I woke up with a hunger. For a certain definition of hunger.

When I first became a lich I lost many of my earthly desires. Notably, hunger and any sort of base need. For a time I was satisfied with this, but I found that, surprisingly, that lack of need for sustenance drove down my creativity by a noticeable margin.

The solution, of course, was to poke at the problem with some magic. A minor compulsion, placed on myself, and delayed with a complex array of randomizers and timers. Such that, in the end, I would have sudden cravings for certain foods, or views, or activities. Nothing I couldn’t ignore, but it always amused me to fulfil these desires.

“I,” I declared. “Am a little hungry.”

The others in the room with me looked up.

We were in the main control centre for the F.O.S.S.I.L. Head, buried deep within the gigantic construct. Seventeen was manning the helm, and the limpet was pouring over some manuscripts, preparing herself to learn some new magics. Mem was sitting off to the side, with large Alex-made mittens over her scythes so that she could pet the limpet’s dog, and Rem was knitting. Or trying to, at any rate.

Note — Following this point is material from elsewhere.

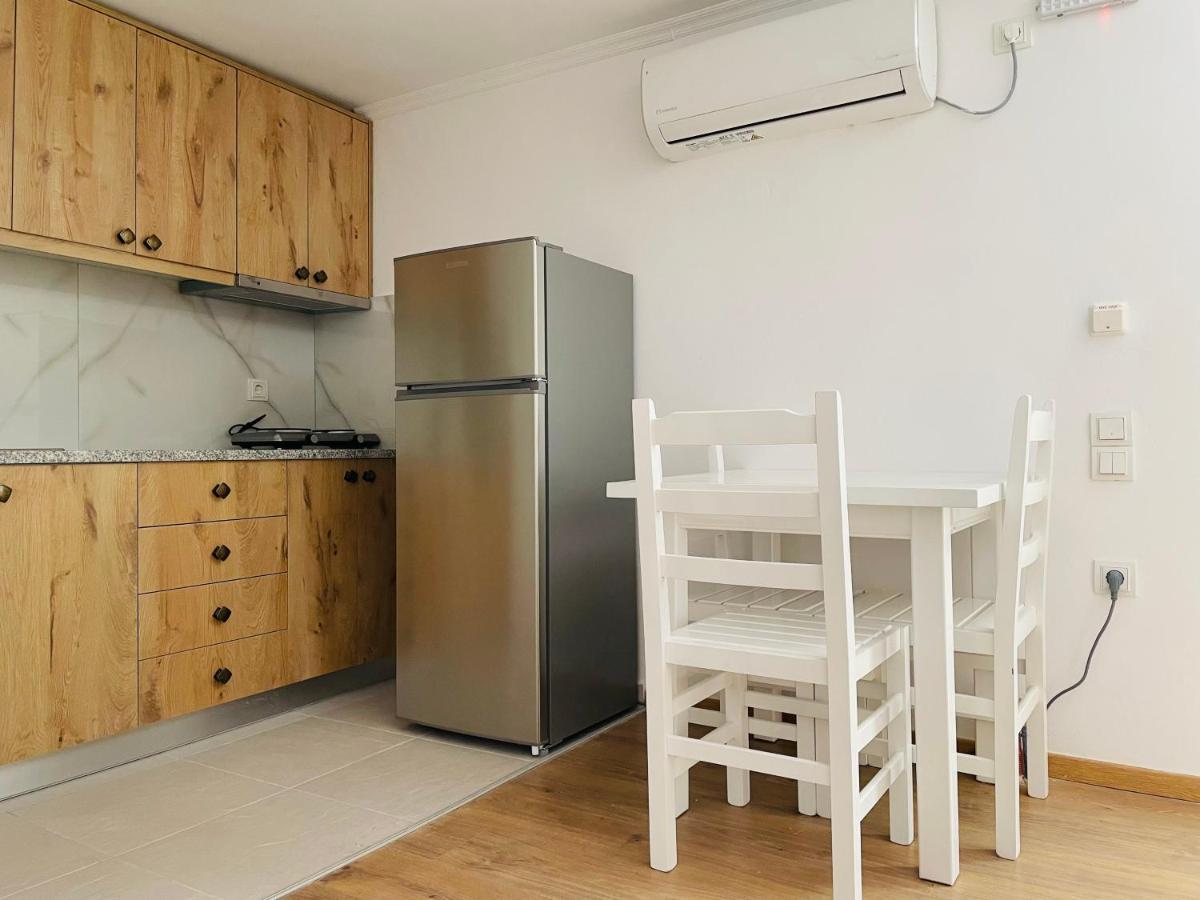 Mpolanos Guesthouse Himare Luaran gambar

“I can help with that,” Alex said.

“Hmm,” I said. “No, I’m thinking of something in particular. It is a vile and unhealthy food. Not something someone of your caliber should ever produce.”

“Oh,” Alex said.

I stood and made my way out the door. I didn’t require anyone, but Seventeen to follow, but they certainly did, only stopping when I arrived on the main deck under the noon-day sun.

“What are you doing, Master?” the limpet asked.

I hummed, then cast a few mage hands and had them start to carve symbols onto the deck. “I’m creating a portal. I know a place where we can get what I desire with relative ease.”

“Oh, alright,” the limpet said. It saddened me just a little that even magic this complex wasn’t met with the same wonder as it would have inspired just a week ago. The limpet was beginning to expect me to just be able to do anything, which wasn’t always the case.

“Mem’s never been portalled before,” Mem said.

“It’s not as fascinating as you might think. I suppose all of you will wish to come along?” I asked.

I refrained from sighing at all the curious nods I received. And the hiss from Rem that I summarily ignored.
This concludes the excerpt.